In recent updated meta-analyses of prospective cohort studies, almost all foods revealed statistically significant associations with mortality risk.1 Substantial deficiencies of key nutrients (eg, vitamins), extreme overconsumption of food, and obesity from excessive calories may indeed increase mortality risk. However, can small intake differences of specific nutrients, foods, or diet patterns with similar calories causally, markedly, and almost ubiquitously affect survival?

Assuming the meta-analyzed evidence from cohort studies represents life span–long causal associations, for a baseline life expectancy of 80 years, eating 12 hazelnuts daily (1 oz) would prolong life by 12 years (ie, 1 year per hazelnut),1 drinking 3 cups of coffee daily would achieve a similar gain of 12 extra years,2 and eating a single mandarin orange daily (80 g) would add 5 years of life.1 Conversely, consuming 1 egg daily would reduce life expectancy by 6 years, and eating 2 slices of bacon (30 g) daily would shorten life by a decade, an effect worse than smoking.1 Could these results possibly be true? Authors often use causal language when reporting the findings from these studies (eg, “optimal consumption of risk-decreasing foods results in a 56% reduction of all-cause mortality”).1 Burden-of-disease studies and guidelines endorse these estimates. Even when authors add caveats, results are still often presented by the media as causal.

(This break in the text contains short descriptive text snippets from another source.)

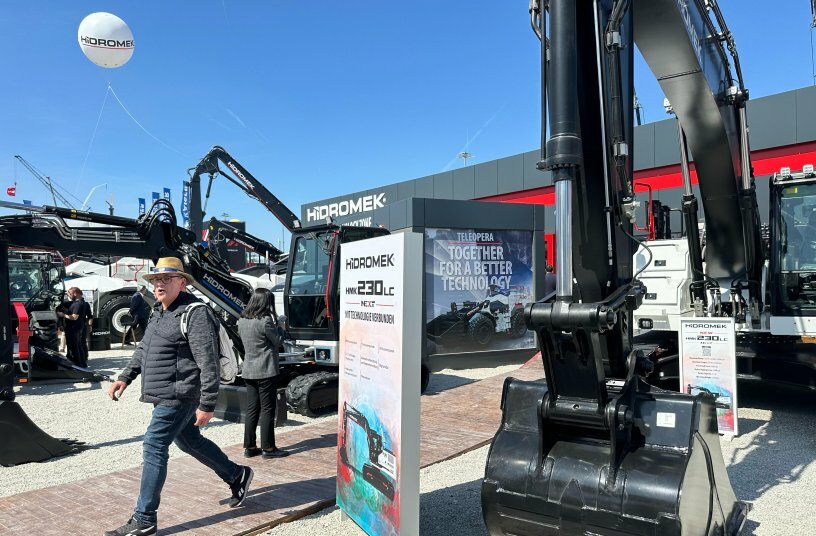 HİDROMEK attracted attention at bauma 2025 with 14 new models<br>IMAGE SOURCE: HİDROMEK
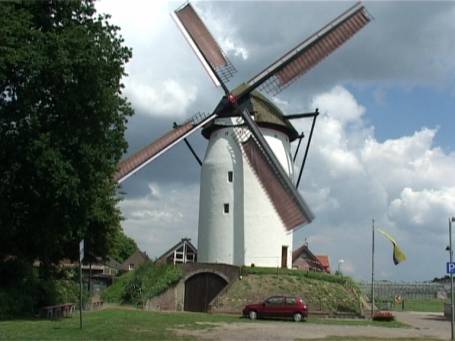 Walbeck : Steprather Turmwindmühle, sie ist die älteste voll funktionstüchtige Anlage ihrer Art in Deutschland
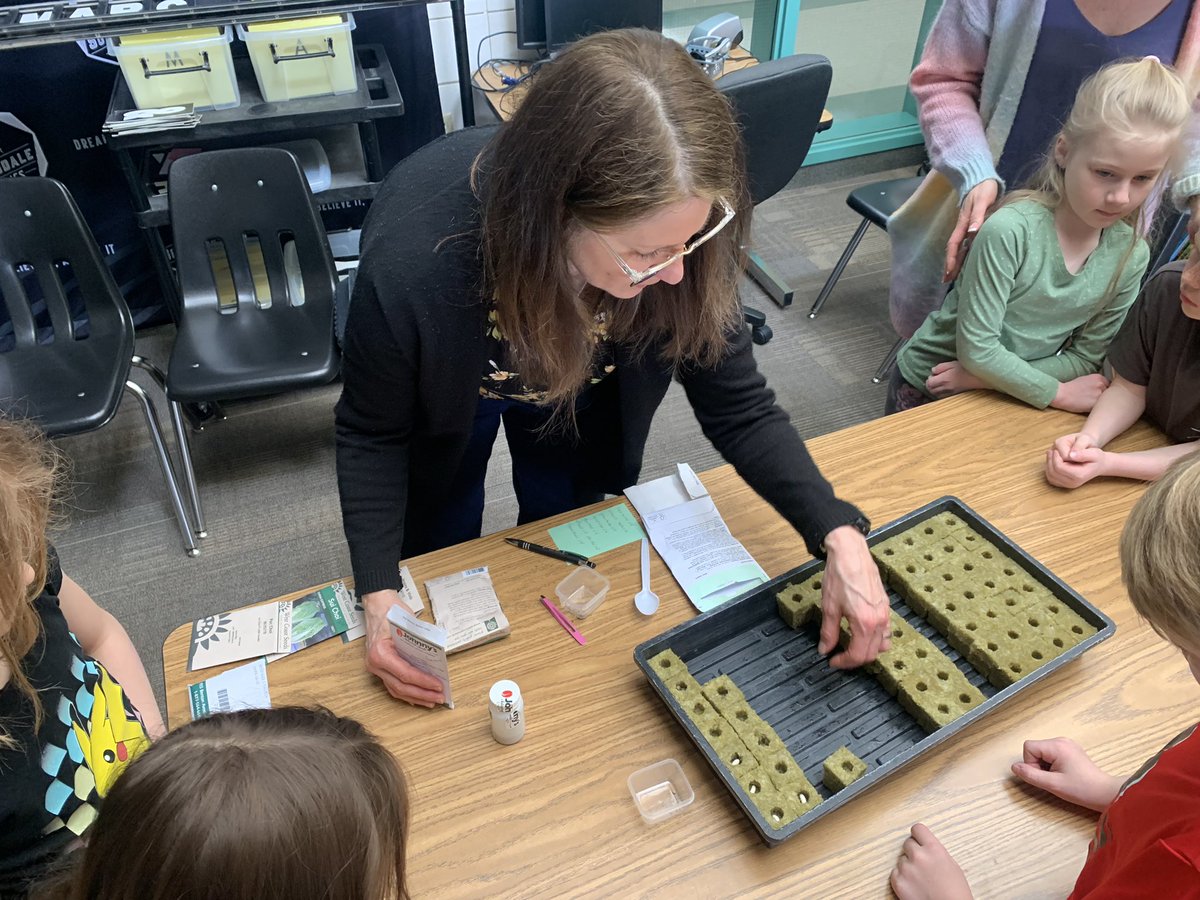 Some of our Grade 1’s and 3’s learning about tower gardens. #growingourownfood #HealthyEating #grizzlypride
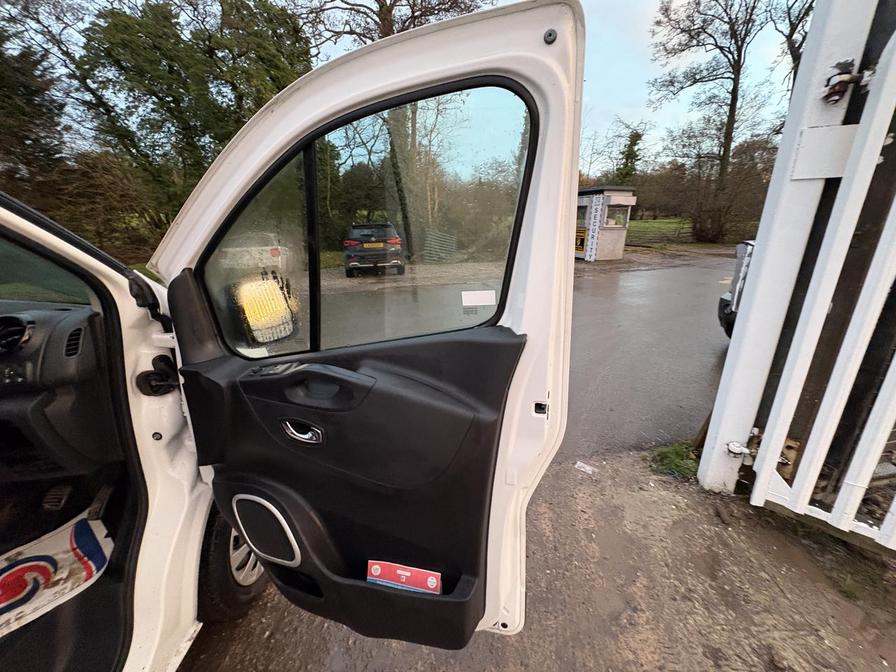 Used Vauxhall Vivaro 2018 for sale - 76851545: Photo 14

These implausible estimates of benefits or risks associated with diet probably reflect almost exclusively the magnitude of the cumulative biases in this type of research, with extensive residual confounding and selective reporting.3 Almost all nutritional variables are correlated with one another; thus, if one variable is causally related to health outcomes, many other variables will also yield significant associations in large enough data sets. With more research involving big data, almost all nutritional variables will be associated with almost all outcomes. Moreover, given the complicated associations of eating behaviors and patterns with many time-varying social and behavioral factors that also affect health, no currently available cohort includes sufficient information to address confounding in nutritional associations.

Furthermore, the literature is shaped by investigators who report nonprespecified results that are possible to analyze in very different ways.4 Consequently, meta-analyses become weighted averages of expert opinions. In an inverse sequence, instead of carefully conducted primary studies informing guidelines, expert-driven guidelines shaped by advocates dictate what primary studies should report. Not surprisingly, an independent assessment by the National Academies of Sciences, Engineering, and Medicine of the national dietary guidelines suggested major redesign of the development process for these guidelines: improving transparency, promoting diversity of expertise and experience, supporting a more deliberative process, managing biases and conflicts, and adopting state-of-the-art processes.5

Proponents of the status quo may maintain that the true associations are even larger than what are reported because of attenuation from nondifferential misclassification. Indeed, self-reported data have error,6 but there is no guarantee it is nondifferential. Nevertheless, if error is nondifferential and estimated effects are attenuated, reported results become even more implausible: eating 12 hazelnuts daily would increase life expectancy by 20 to 30 years, not just 12 years.

Individuals consume thousands of chemicals in millions of possible daily combinations. For instance, there are more than 250 000 different foods and even more potentially edible items, with 300 000 edible plants alone. Seemingly similar foods vary in exact chemical signatures (eg, more than 500 different polyphenols). Much of the literature silently assumes disease risk is modulated by the most abundant substances; for example, carbohydrates or fats. However, relatively uncommon chemicals within food, circumstantial contaminants, serendipitous toxicants, or components that appear only under specific conditions or food preparation methods (eg, red meat cooking) may be influential. Risk-conferring nutritional combinations may vary by an individual’s genetic background, metabolic profile, age, or environmental exposures. Disentangling the potential influence on health outcomes of a single dietary component from these other variables is challenging, if not impossible.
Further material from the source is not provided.